◆ **EXERCISE OBJECTIVE**:
The answer must consist solely of the lines from the one with "Lighteme Dog Toy Duck Shape Bite Resistant" through the last line of the data, copied exactly, with no pictures.

[PROVIDED ENTRIES Boundary: Start]

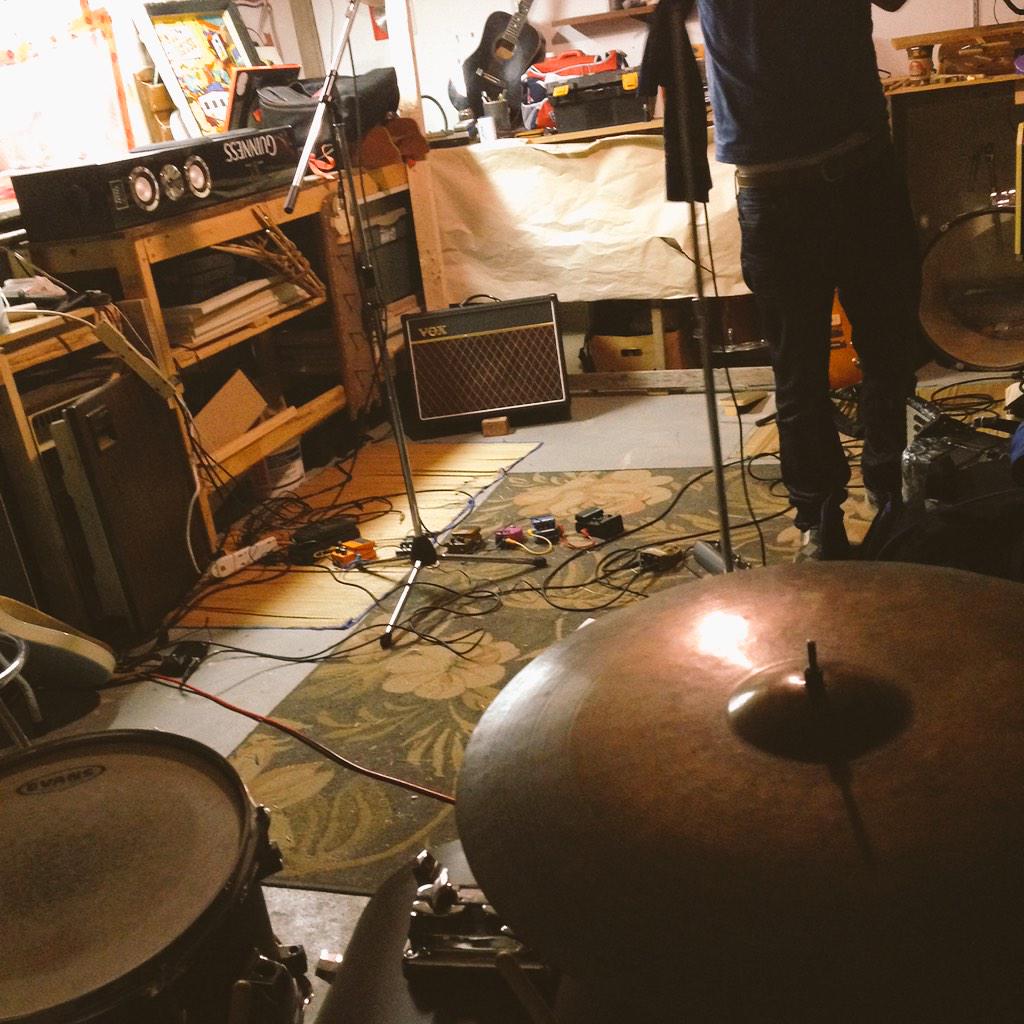 One last band practice. Bittersweet.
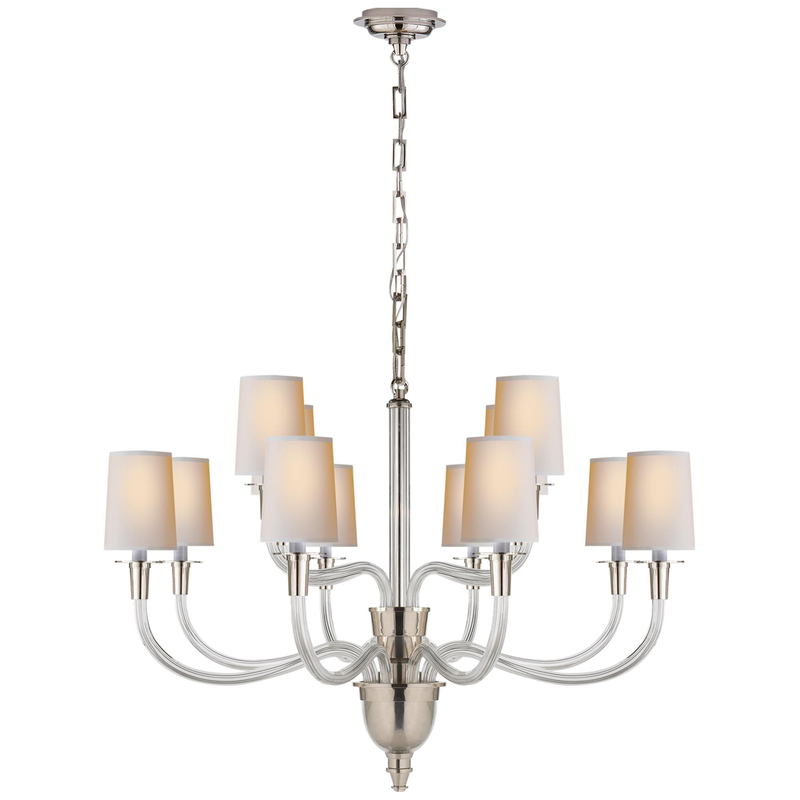 Thomas O'Brien Vivian 36 Inch 12 Light Chandelier by Visual Comfort Signature Collection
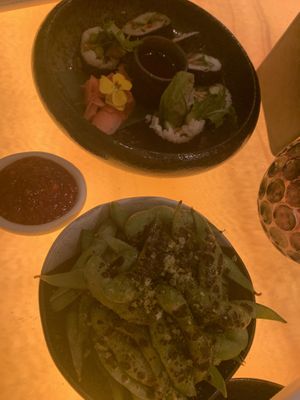 Vegan sushi  at The Ivy in Manchester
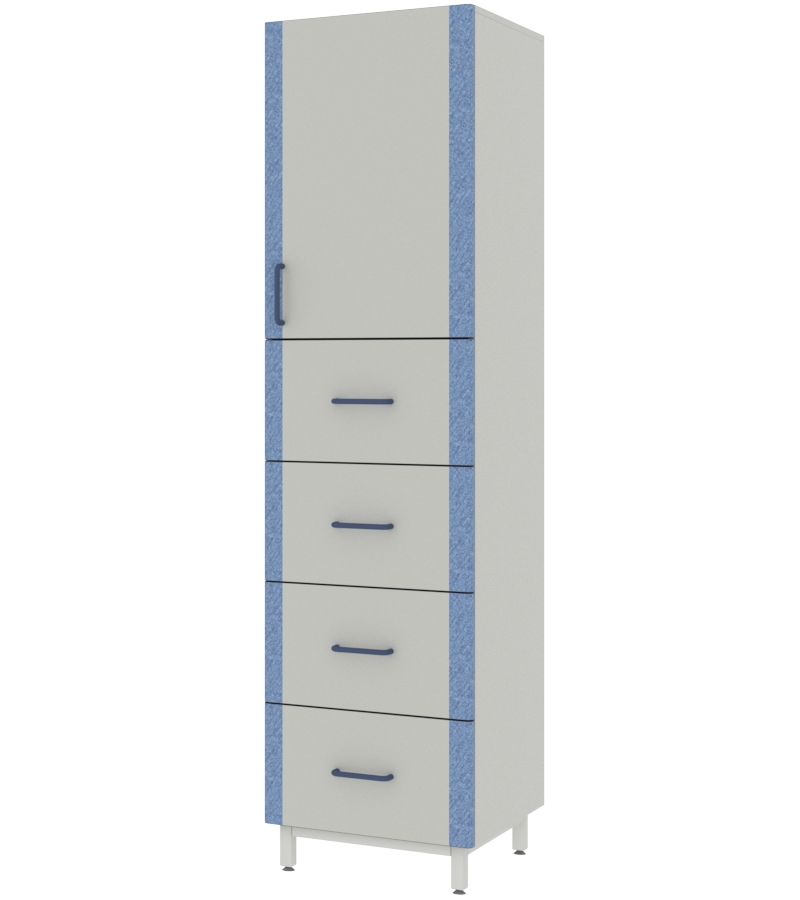 Шкаф для хранения реактивов с 4 выдвижными ящиками ЛАБ-PRO ШР4Я 50.50.193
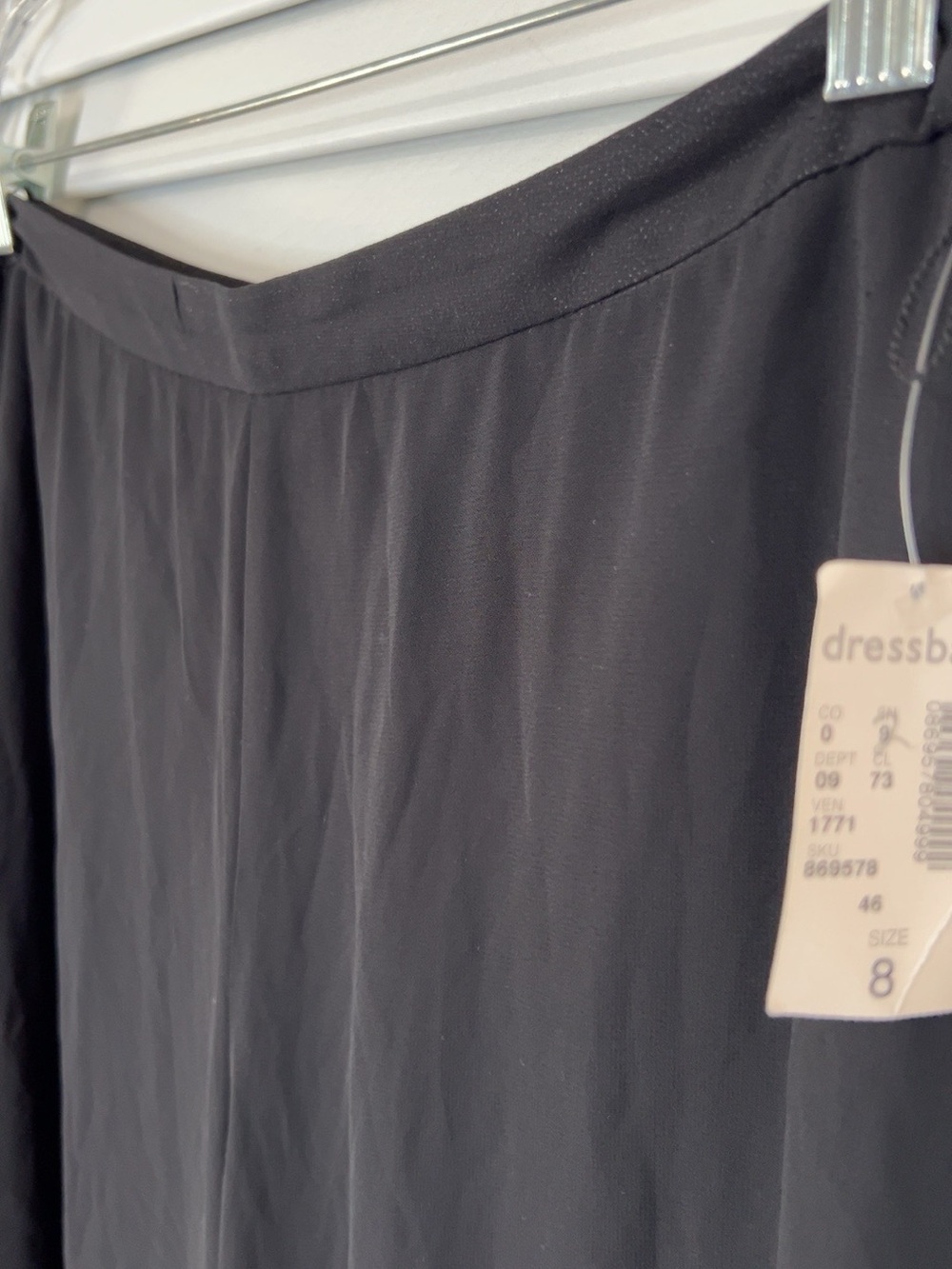 dressbarn Collection Black Chiffon Overlay Wide Leg Palazzo Pants 8 NWT - Picture 6 of 10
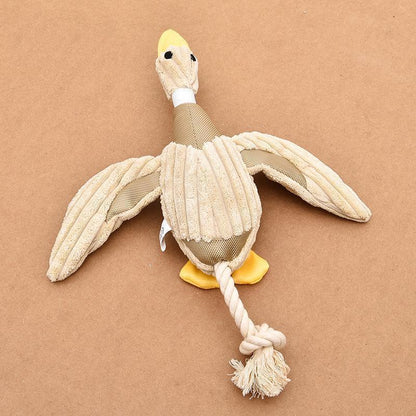 Lighteme Dog Toy Duck Shape Bite Resistant
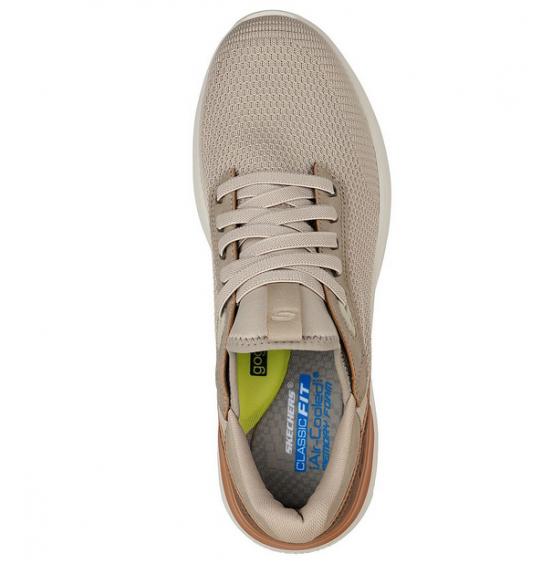 SKECHERS LATTIMORE LASITER 210406-TPE ΑΝΔΡΙΚΑ ΑΘΛΗΤΙΚΑ ΠΑΠΟΥΤΣΙΑ TAUPE ΜΠΕΖ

[PROVIDED ENTRIES Boundary: End]

◆ **SOLUTION**:
 Lighteme Dog Toy Duck Shape Bite Resistant
 SKECHERS LATTIMORE LASITER 210406-TPE ΑΝΔΡΙΚΑ ΑΘΛΗΤΙΚΑ ΠΑΠΟΥΤΣΙΑ TAUPE ΜΠΕΖ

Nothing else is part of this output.